Prüfung des Vertragsverhältnisses vor Antritt der Beschäftigung
Es obliegt dem Arbeitgeber bzw. dem Auftraggeber, zu prüfen, ob ein Arbeitsverhältnis, ein Heimarbeitsverhältnis oder ein freies Werk- oder Dienstverhältnis vorliegt. Ordnet er ein Arbeitsverhältnis oder Heimarbeitsverhältnis fälschlicherweise als freies Vertragsverhältnis ein, so kann daraus unter anderem ein straf- und bußgeldrechtliches Haftungsrisiko wegen vorenthaltener Sozialversicherungsbeiträge und nicht abgeführter Steuern folgen. Vor allem aber drohen hohe Nachzahlungsansprüche der Sozialversicherungsträger für mindestens die vergangenen vier Jahre, die der Auftraggeber nicht vom Arbeitnehmer zurückfordern kann.

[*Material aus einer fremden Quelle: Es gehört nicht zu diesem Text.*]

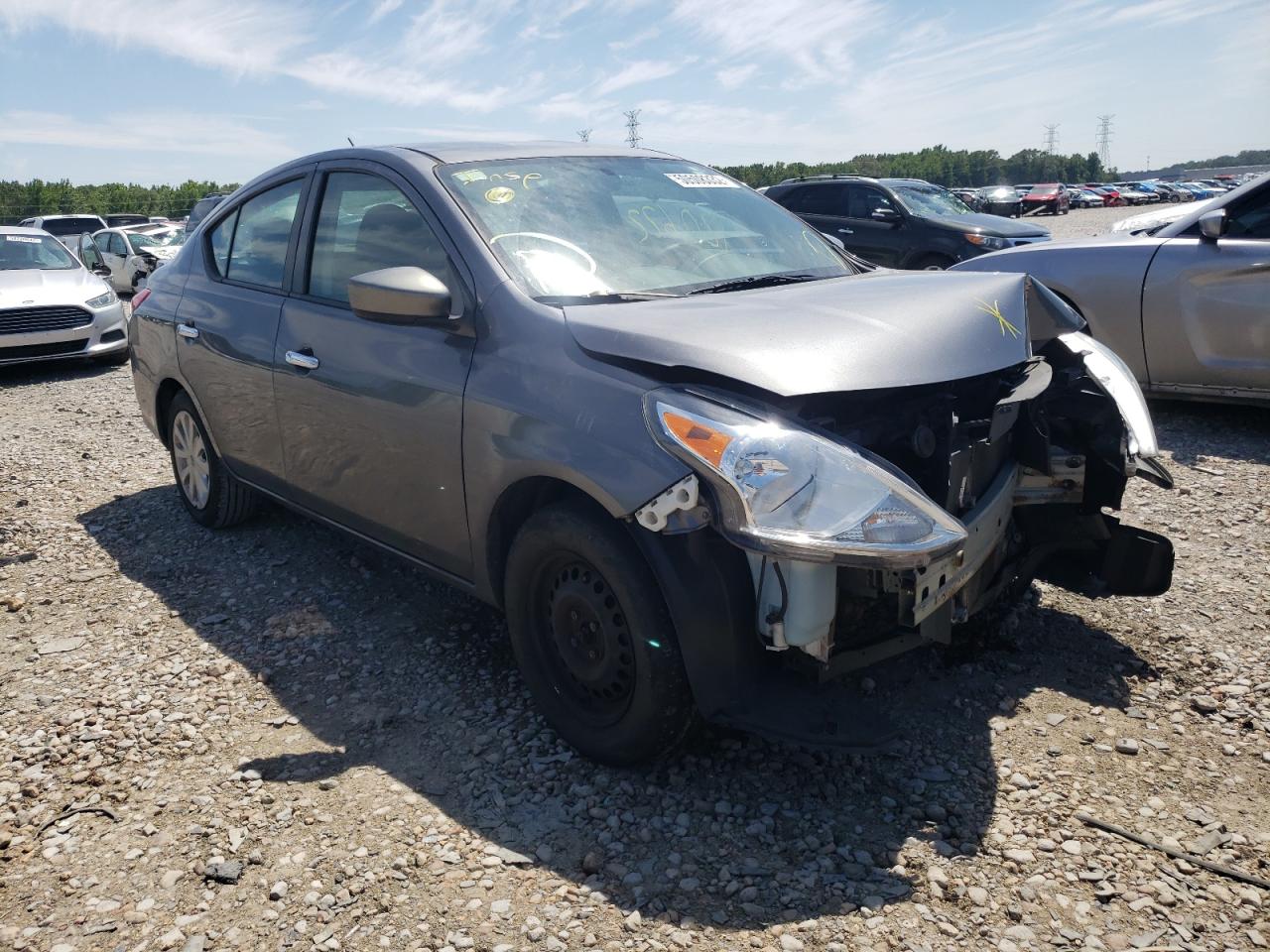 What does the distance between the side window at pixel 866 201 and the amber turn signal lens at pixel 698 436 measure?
1123 cm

Denn ein Heimarbeiter gilt als Beschäftigter im Sinne des SGB und ist voll sozialversicherungspflichtig (§ 12 Abs. 2 SGB IV). Hier kann ein freiwilliges Statusfeststellungsverfahren (§ 7a SGB IV) Risiken beseitigen.
Besondere Schutzvorschriften für Heimarbeiter
Weiterhin muss der Auftraggeber berücksichtigen, dass bei einem Heimarbeitsverhältnis zwar das Kündigungsschutzgesetz keine Anwendung findet, wohl aber die für Arbeitsverträge geltenden gesetzlichen Kündigungsfristen von bis zu sieben Kalendermonaten (§ 29 Abs. 4 HAG) sowie der Entgeltschutz während der Kündigungsfrist (§ 29 Abs. 7 HAG) zu beachten sind. Zudem haben Heimarbeiter – anders als freie Mitarbeiter – Anspruch auf Urlaub, der bei Beendigung des Vertragsverhältnisses abzugelten ist (§ 12 BUrlG).